The site was painstakingly mapped in 1960 by the Queensland Museum under the supervision of Dr. Alan Bartholomai and Kay and Stanley Breedon.

The structure of circles includes several totemic designs, of a turtle (or tortoise), an imposing figure of a carpet snake and an emu, and a bunya nut orientated towards the mountains from where the Aborigines would gather it.
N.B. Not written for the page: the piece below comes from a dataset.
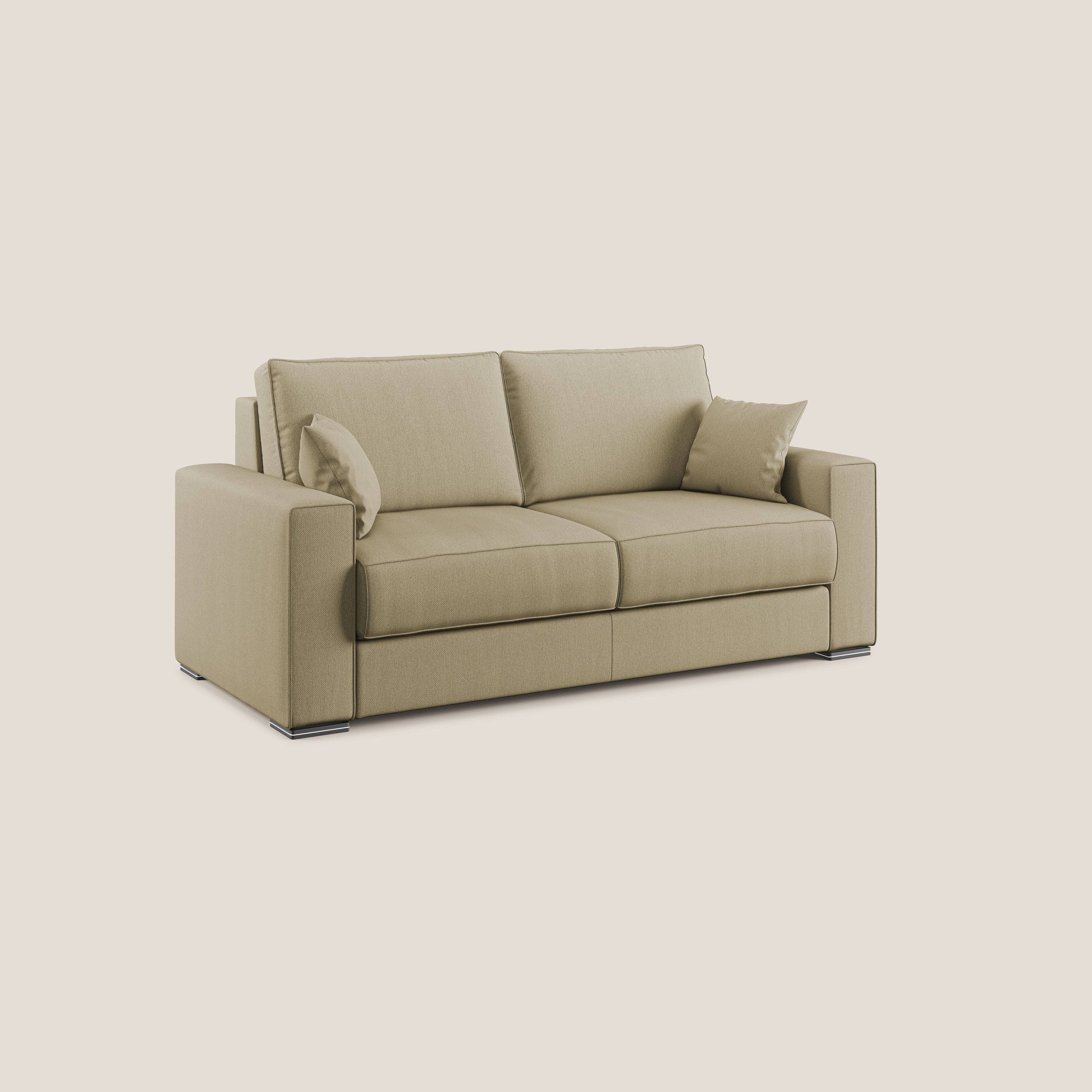 Dream Divano letto moderno dai morbidi cuscini in tessuto smacchiabile T05 cammello - divani.store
On 9 December 2000, the QLD Attorney General and Minister for Justice and the Arts, Matt Foley, handed over the deed of grant to the traditional owners representing the Waka Waka, Warra and Jarowair people. The site is now administered by the Gumminguru Land Trust.

==History==
The Jarowair were rapidly dispossessed of their lands in the wake of the large colonial push to take over their territory for pastoral stations in the early 1840s. By the early 20th century the Queensland government relocated the Jarowair to Cherbourg. As late as the 1950s most of them were forcibly removed offshore to Fraser Island, and Palm Island.